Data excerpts
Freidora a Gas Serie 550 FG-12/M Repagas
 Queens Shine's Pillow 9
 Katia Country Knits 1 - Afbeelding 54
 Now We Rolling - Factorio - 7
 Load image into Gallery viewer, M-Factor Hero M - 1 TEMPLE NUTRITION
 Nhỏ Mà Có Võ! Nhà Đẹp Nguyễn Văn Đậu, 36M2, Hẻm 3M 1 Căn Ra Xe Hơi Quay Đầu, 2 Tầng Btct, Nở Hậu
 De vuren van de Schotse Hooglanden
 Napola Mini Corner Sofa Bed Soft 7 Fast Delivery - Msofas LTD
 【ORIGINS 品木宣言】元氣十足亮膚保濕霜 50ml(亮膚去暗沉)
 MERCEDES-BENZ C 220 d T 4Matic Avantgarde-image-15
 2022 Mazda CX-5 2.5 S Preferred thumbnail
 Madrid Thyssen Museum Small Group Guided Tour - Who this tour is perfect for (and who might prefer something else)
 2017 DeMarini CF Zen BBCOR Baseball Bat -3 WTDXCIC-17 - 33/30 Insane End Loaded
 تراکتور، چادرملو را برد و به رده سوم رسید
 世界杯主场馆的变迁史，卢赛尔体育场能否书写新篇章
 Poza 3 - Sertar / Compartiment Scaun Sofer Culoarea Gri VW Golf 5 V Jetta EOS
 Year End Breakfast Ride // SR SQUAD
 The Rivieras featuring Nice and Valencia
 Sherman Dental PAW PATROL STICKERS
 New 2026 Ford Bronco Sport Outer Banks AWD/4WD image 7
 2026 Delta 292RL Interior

ACTIVITY ▸ Each line from the top of the entries above through the line containing "Load image into" must be transcribed exactly, and no other line may appear.

REPLY ▸
Freidora a Gas Serie 550 FG-12/M Repagas
 Queens Shine's Pillow 9
 Katia Country Knits 1 - Afbeelding 54
 Now We Rolling - Factorio - 7
 Load image into Gallery viewer, M-Factor Hero M - 1 TEMPLE NUTRITION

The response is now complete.